_Assigned task_.
Show, from the records below, all lines that contain the word "Casa".

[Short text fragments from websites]

========

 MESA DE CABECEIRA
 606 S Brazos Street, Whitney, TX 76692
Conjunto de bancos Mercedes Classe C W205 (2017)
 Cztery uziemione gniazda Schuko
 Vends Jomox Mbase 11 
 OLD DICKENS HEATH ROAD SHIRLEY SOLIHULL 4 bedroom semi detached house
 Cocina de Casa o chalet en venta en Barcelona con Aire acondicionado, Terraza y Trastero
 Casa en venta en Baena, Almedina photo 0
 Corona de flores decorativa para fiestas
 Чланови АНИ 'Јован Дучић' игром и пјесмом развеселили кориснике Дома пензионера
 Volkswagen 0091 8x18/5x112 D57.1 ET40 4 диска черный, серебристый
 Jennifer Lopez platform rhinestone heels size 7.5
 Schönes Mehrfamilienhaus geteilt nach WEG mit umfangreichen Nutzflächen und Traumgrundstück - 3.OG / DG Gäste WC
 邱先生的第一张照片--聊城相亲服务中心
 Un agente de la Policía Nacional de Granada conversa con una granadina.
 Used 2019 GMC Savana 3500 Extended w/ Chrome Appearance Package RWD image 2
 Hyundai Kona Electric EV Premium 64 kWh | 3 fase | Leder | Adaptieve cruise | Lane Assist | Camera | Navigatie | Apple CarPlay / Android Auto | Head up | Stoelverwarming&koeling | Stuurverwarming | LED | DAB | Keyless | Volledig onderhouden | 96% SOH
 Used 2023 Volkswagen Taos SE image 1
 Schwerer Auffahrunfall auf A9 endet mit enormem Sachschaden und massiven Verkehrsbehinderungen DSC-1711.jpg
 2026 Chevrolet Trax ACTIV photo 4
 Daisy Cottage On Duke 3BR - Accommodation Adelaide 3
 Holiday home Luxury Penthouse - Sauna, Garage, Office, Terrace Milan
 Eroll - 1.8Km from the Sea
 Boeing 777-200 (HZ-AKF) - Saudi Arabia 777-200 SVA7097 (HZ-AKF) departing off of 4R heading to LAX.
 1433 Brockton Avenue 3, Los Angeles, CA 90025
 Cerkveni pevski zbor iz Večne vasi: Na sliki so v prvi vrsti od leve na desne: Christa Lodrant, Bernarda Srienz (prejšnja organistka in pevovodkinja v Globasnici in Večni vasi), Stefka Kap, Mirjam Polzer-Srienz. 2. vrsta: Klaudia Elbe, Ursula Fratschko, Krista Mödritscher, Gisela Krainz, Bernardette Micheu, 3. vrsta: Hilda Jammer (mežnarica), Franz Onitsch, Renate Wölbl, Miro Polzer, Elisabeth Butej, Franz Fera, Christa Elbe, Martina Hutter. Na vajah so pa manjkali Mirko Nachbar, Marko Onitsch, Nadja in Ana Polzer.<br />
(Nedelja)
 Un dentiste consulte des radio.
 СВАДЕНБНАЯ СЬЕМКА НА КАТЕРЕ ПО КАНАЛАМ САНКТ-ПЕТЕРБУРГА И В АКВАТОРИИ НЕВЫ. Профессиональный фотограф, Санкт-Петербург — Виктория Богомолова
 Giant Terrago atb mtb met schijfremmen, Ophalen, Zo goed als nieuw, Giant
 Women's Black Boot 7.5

========

_Response area_.
 Cocina de Casa o chalet en venta en Barcelona con Aire acondicionado, Terraza y Trastero
 Casa en venta en Baena, Almedina photo 0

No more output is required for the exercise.